Dan Chandler posted a comment on NAC last month about mixed use housing for people with low incomes. It was very well written and informational, so with his permission, this is a reprint of his comments.
"Smoketown and Clarksdale both used federal HOPE VI grants. HOPE VI began i 1992 as a New Urbanist way replace barrack -style "projects" with New Urbanist, mixed-use, mixed income neighborhoods. At its inception, HOPE VI required one-to-one replacement of low-income units. However, this one-to-one requirement was repealed by Congress in 1998.
While HOPE VI is still on the books, Congress has not funded it in several years. Therefore, if new low income housing happens in New Albany, it likely will be from a funding source other than HOPE VI. New Albany has never applied for HOPE VI and I doubt we'll ever get the chance.
Today except for specialty programs aimed at assisted living, etc., Congress mainly looks to the Section 42 Low Income Housing Tax Credit for affordable housing development. As part of the stimulus package, Indiana's annual LIHTC allotment for 2009 is triple what is normally allotted in other years. Under LIHTC, developers only receive credits for those units set side for families making no more than 60% or 50% (depending on their particular application) of the area median income. LIHTC has been used in New Albany at St. Edwards Court, various old-house-to-4-plex conversions along E. Spring and some apartments by IUS.
I'd like to see the problem of replacing New Albany's barrack-style "projects" unit for unit, with something less concentrated. Unfortunately, no one locally is pushing for good LIHTC development, or any LIHTC development at all. LIHTC housing can take just about any form you want. They've been used on a LEED certified high-rise in San Diego.

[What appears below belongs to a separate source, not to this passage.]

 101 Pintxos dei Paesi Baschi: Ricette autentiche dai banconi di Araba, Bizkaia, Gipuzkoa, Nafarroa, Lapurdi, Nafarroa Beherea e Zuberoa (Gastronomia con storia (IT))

They've been used on scattered site developments in Louisville by groups like New Directions and The Housing Partnership.
Since there's so much LIHTC money floating around this year, and since Indiana Housing has said that this year they are giving preference to historic rehabilitation in their LIHTC allocations,I'm disappointed that no one (to my knowledge) is putting together a LIHTC application for New Albany. To get sufficient economies of scale, you need at least 24 units to do a LIHTC project. With combined LIHTC and Historic Tax Credits, a developer would need to put virtually no money into a deal; they only would have to show sufficient financial strength to backstop the deal if something unexpected happened.
A New Albany project could be 30 new units at the Moser Tannery, it could be 24 rehabbed shotguns scattered around town, or it could be six 4-plexes. When you take LIHTC, HUD watches the property very closely for 15 to 30 years (again depending on the project). It's much better rental housing that one typically finds in New Albany; all HUD guidelines for construction, lead paint, etc., must be met. Groups like New Directions and Housing Partnership consult on putting these applications together. Someone just has to roll up their sleeves and make it happen.
As a side note, in our New Markets Tax Credit application, which is aimed at mixed use development, I specified that we would set aside 20% of new housing units for those making no more than 60% of the area median income. Therefore if we receive the NMTC's and all the credits are used on new development along the Main St., you'll see new affordable housing in places where there is no affordable housing today."
I have seen the Smoketown and Clarksdale areas Dan mentioned. They look beautiful. There are single family homes, duplexes and 4 plexes all on well maintained streets. As Dan mentioned, this could happen on our Main St. Perhaps this could be incorporated in the "Master Plan" suggested for the area.
Things are really picking up in downtown New Albany, let's not stop now. Developers, are you reading this?